16日、法制審議会(法務大臣の諮問機関)の部会が、いわゆる“マンション法”の改正要綱案を取りまとめた。
建て替えに必要な要件を緩和する内容などが盛り込まれ、1970年頃に大量に建設・供給された分譲マンションや団地が老朽化する中、改正法案が成立すればおよそ20年ぶりの大規模改正となる。
一昨年の時点で126万戸あった築40年以上の分譲マンションは、今から20年後には3.5倍へ急増する見込み。建て替えには所有者の集会で5分の4(80%)の賛成が必要だが、住民は高齢化し、相続のタイミングで不明となった所有者や無関心な住民が集会を欠席することも多い。こうした欠席者は反対票扱いとなるため、建て替えは困難を極める。
そこで改正案では、耐震性や耐火性に問題がある場合、欠席者を決議の分母に含まず、必要な賛成の数を4分の3(75%)に緩和。法務省は26日から開かれる通常国会での法案提出を目指しているが、果たしてマンションの老朽化は解決できるのか。
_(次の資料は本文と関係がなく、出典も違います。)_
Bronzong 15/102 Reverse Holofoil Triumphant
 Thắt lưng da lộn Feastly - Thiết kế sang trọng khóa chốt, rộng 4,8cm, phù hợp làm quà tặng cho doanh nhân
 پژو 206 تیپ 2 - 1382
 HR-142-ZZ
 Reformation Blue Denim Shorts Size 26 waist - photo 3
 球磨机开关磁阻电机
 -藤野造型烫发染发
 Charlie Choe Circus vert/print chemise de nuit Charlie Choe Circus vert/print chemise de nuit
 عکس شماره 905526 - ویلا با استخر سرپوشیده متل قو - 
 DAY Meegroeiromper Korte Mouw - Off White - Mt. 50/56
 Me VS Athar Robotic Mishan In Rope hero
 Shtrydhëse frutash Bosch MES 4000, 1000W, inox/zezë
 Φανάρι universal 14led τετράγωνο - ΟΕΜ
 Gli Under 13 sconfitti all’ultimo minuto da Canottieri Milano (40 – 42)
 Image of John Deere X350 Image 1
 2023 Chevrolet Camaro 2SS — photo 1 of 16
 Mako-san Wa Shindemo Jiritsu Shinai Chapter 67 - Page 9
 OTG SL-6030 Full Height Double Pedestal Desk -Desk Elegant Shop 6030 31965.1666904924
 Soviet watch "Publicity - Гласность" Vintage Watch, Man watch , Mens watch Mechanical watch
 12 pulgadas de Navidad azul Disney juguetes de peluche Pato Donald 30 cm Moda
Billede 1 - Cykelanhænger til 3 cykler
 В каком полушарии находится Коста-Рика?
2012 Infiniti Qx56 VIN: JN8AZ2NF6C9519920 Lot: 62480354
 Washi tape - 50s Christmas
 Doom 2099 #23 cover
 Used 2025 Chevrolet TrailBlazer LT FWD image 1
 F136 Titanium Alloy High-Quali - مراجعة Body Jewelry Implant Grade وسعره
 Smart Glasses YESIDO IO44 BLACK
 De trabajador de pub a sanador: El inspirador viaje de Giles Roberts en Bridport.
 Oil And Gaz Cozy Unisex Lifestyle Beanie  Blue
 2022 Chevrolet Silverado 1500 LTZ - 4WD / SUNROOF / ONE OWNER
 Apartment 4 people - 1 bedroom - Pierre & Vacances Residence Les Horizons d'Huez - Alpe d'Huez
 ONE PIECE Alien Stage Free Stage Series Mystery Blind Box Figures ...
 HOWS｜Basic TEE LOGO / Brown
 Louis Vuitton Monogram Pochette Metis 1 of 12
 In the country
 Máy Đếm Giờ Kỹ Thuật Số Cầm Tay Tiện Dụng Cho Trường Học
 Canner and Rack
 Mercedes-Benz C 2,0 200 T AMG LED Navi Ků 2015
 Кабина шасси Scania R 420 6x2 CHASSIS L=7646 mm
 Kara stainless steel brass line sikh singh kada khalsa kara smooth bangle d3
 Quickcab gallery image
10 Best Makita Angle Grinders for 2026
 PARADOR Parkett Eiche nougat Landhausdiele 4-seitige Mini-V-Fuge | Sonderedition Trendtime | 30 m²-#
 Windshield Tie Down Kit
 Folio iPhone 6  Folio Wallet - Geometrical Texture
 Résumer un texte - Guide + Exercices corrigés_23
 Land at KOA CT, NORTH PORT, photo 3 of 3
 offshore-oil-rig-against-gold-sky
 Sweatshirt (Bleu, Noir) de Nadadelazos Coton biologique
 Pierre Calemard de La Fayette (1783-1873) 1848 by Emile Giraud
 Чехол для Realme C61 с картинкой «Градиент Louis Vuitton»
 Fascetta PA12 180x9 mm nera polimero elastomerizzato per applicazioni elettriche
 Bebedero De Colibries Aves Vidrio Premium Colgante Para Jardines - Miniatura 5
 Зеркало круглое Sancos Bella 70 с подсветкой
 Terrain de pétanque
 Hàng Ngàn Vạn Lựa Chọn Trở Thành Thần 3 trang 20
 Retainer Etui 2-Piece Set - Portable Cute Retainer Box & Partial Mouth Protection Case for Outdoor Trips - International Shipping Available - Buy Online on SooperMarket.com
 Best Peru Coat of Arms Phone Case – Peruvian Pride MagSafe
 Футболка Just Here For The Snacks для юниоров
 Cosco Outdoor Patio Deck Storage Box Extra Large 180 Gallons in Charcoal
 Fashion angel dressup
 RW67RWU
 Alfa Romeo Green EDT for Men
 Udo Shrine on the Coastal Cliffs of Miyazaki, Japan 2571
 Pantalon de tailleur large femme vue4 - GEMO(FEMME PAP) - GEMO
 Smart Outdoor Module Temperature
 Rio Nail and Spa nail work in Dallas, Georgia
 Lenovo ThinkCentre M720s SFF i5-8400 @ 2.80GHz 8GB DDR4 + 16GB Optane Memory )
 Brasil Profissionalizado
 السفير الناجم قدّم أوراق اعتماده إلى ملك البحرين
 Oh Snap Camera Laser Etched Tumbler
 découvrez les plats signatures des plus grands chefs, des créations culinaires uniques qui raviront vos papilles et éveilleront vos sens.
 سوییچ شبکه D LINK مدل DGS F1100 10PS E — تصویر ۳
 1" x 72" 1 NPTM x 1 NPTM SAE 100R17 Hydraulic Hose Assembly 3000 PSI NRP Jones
23日の『ABEMA Prime』では専門家を招き考えた。
築40年超の半数が70歳以上、タワマンも築20年超が増加
マンション管理コンサルタントの菅純一郎氏(KAIライフサイクルマネジメント代表)は老朽化した建物について、「大規模修繕を2回ほど経験した築40年超のマンションで次に起こるのは、給排水の配管など設備のトラブル。漏水が起きれば下階の住戸、ご近所づきあいに影響が出るケースもある」「もう一つは、2000年前後にはインターネットが普及していなかったように、たった20年で社会インフラは変わる。40年前の建物は社会的な設備としての要求に応えられない問題も起きてくる」と2つの懸念をあげる。
また、「最近は、エレベーターメーカーのモデルが代替わりし、古い部品の供給がない問題も出てきている。仕方なく修理ではなく新品への交換を決めても“今発注したら交換は2年後です”というのが実態。資金を用意したのに替えたくても替えられない状況だ」と実態を明かした。
住民の高齢化も問題だ。菅氏は「10年ほど前にコンサルをした300戸ほどのマンションは築43年ほどで、入居者の多くは70歳を超えていた。排水配管を替える件で携わったが、3年間に孤独死が2件あり、総会を開こうにも過半数の委任状が集まらず大騒ぎになった」と言及。
高齢のため書類の持参が身体的に難しい、そもそも認知できていないなどの実情があり、「自分は所有者ではなく誰が所有者になっているのかわからないという話まであった」という。菅氏は「今後は物理的なハードの劣化より厳しい状況が起こり得る」と警鐘を鳴らす。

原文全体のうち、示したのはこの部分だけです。